** Required action **
Below is a block of records: output all of them exactly and leave out the pictures.

[Captioned web image data]
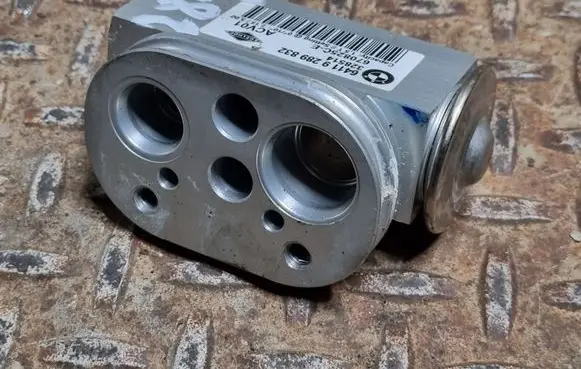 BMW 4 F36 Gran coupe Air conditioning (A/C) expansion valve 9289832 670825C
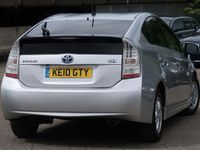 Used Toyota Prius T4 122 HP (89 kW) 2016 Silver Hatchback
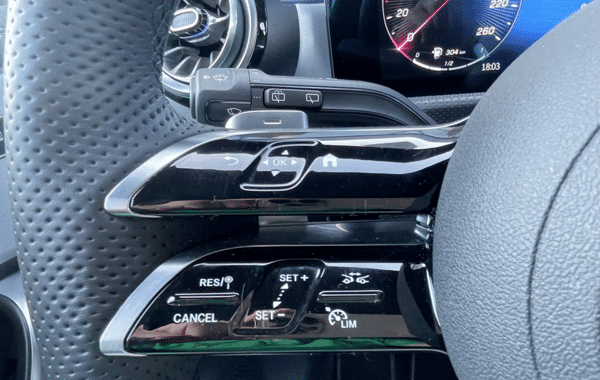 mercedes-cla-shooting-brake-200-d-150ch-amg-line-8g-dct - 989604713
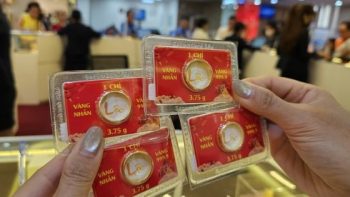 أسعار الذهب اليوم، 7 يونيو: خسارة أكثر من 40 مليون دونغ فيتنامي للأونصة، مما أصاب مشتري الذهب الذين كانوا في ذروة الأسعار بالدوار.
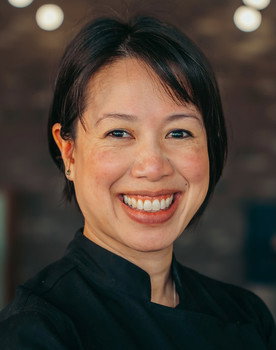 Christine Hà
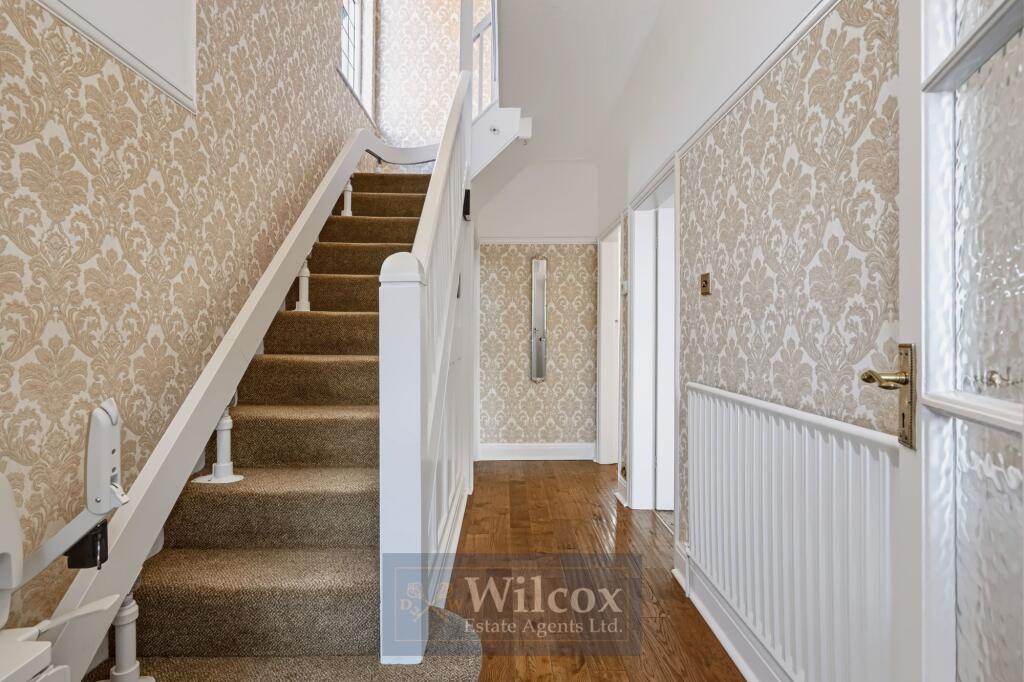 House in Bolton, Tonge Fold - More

** Written solution **
 BMW 4 F36 Gran coupe Air conditioning (A/C) expansion valve 9289832 670825C
 Used Toyota Prius T4 122 HP (89 kW) 2016 Silver Hatchback
 mercedes-cla-shooting-brake-200-d-150ch-amg-line-8g-dct - 989604713
 أسعار الذهب اليوم، 7 يونيو: خسارة أكثر من 40 مليون دونغ فيتنامي للأونصة، مما أصاب مشتري الذهب الذين كانوا في ذروة الأسعار بالدوار.
 Christine Hà
 House in Bolton, Tonge Fold - More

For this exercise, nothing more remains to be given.